2023-04-04 京都大学
幹細胞とは、自身を複製しながら様々な細胞種へと分化することができる細胞です。幹細胞がその性質を維持するためには、ニッチ細胞が作り出す「幹細胞ニッチ」と呼ばれる特殊な環境が必要です。幹細胞は、幹細胞ニッチにぴったりと寄り添うように存在しています。ショウジョウバエの卵巣では、ニッチ細胞が作り出す皿状の幹細胞ニッチに2~3個の卵幹細胞が納まって存在していますが、ニッチの形にどのような意義があるのかはわかっていませんでした。
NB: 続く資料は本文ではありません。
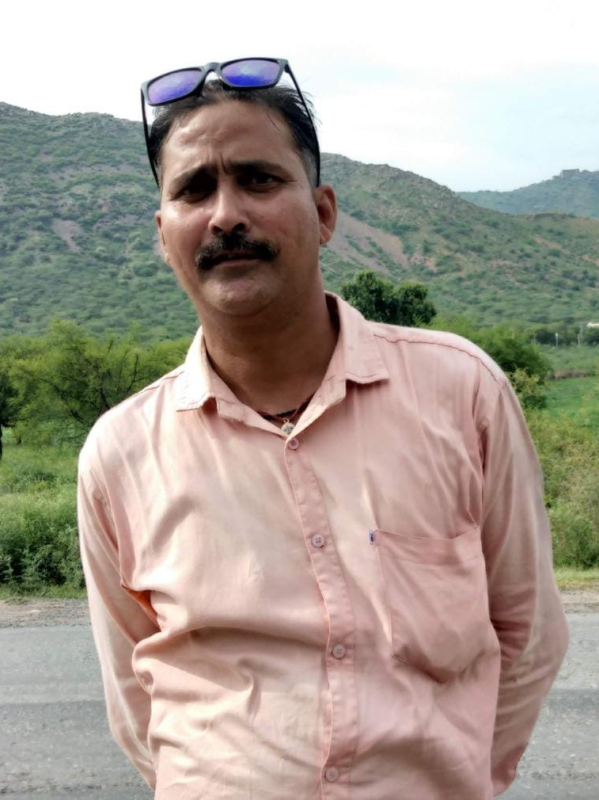 VINOD DIDWANIYA profile photo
今回、井垣達吏 生命科学研究科教授、谷口喜一郎 同特定講師の研究グループは、細胞競合と呼ばれる細胞間の相互作用を介した細胞死誘導プログラムが働かないショウジョウバエの卵巣では卵幹細胞の数が2倍に増加しており、その原因がニッチの形の異常であることを発見しました。さらに、幹細胞ニッチの皿状の形がどのようにつくり出されるか調べたところ、発生期においてニッチ細胞の周りでおこる細胞死(アポトーシス)が関与していることを見いだしました。最後に、幹細胞ニッチの形の異常が卵産生にどのような影響を及ぼすか調べたところ、卵幹細胞の数が増えるにもかかわらず卵産生量は低下してしまうことがわかりました。
本研究により、これまで不明であった幹細胞ニッチの形づくりに細胞死の仕組みが利用されていることが分かりました。さらに、幹細胞ニッチの形が効率的な卵産生に貢献していることを明らかにしました。
本研究成果は、2023年3月27日に、国際学術誌「PLoS Genetics」にオンライン掲載されました。
研究者のコメント
「皿状の幹細胞ニッチによって維持される幹細胞という古典的な幹細胞システムのモデルは、20年以上前にショウジョウバエ研究により提唱されたものですが、なぜそのような構造なのかについては長らく明らかにされてきませんでした。細胞競合という細胞の適者生存の仕組みが、幹細胞ニッチの形づくりを介して幹細胞システムの品質に寄与しているという事実は、細胞競合の生理的意義を理解する上で非常に重要です。今後、細胞競合の仕組みが個体発生・維持のどのようなプロセスに寄与しているか明らかにしていきたいです。」(谷口喜一郎)
研究者情報
研究者名:井垣 達吏
研究者名:谷口 喜一郎
書誌情報
【DOI】
https://doi.org/10.1371/journal.pgen.1010684
【書誌情報】
Kiichiro Taniguchi, Tatsushi Igaki (2023). Sas-Ptp10D shapes germ-line stem cell niche by facilitating JNK-mediated apoptosis. PLOS Genetics, 19(3):e1010684.